[Records from a collection]

⟨

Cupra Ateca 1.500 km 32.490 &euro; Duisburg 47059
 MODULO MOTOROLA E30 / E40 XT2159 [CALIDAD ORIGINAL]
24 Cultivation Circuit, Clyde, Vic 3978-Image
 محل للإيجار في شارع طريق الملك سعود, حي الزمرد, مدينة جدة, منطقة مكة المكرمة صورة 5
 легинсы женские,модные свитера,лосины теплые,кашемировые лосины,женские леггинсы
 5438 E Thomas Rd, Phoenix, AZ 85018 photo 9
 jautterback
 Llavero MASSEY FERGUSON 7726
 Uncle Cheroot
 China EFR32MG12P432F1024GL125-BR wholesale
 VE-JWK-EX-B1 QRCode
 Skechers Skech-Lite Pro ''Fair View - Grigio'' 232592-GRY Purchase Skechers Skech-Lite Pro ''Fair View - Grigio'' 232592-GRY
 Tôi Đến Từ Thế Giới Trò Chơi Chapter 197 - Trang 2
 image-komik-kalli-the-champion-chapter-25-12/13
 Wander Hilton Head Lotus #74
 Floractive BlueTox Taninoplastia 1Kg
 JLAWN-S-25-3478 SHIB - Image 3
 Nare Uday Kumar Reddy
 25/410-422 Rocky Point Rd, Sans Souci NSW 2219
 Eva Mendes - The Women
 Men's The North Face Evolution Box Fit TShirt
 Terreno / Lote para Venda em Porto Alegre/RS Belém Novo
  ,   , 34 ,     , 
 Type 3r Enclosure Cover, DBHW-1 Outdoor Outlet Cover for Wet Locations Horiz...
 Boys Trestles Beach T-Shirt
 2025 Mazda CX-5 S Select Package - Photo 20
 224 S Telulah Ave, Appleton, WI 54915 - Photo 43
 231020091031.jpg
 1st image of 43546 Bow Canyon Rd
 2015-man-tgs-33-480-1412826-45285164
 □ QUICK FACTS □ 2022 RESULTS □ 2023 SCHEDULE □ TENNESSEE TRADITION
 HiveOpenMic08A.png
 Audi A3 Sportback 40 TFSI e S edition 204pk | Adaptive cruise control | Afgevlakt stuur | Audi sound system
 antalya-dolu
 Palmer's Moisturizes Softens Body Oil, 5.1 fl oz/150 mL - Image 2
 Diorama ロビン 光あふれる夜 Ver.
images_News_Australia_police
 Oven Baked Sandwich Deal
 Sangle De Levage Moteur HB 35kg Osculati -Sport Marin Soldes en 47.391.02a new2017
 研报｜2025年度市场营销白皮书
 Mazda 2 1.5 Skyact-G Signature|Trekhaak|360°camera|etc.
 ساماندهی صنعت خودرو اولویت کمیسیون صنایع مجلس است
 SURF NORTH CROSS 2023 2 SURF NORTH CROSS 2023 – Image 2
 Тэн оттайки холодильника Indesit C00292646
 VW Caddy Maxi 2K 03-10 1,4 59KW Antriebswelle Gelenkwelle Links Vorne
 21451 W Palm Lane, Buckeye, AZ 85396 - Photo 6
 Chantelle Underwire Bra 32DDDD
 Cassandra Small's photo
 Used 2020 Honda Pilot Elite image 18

⟩

Look for the line with "Cassandra Small's photo" in the records above. Repeat it and each line after it exactly.

EXERCISE RESPONSE:
 Cassandra Small's photo
 Used 2020 Honda Pilot Elite image 18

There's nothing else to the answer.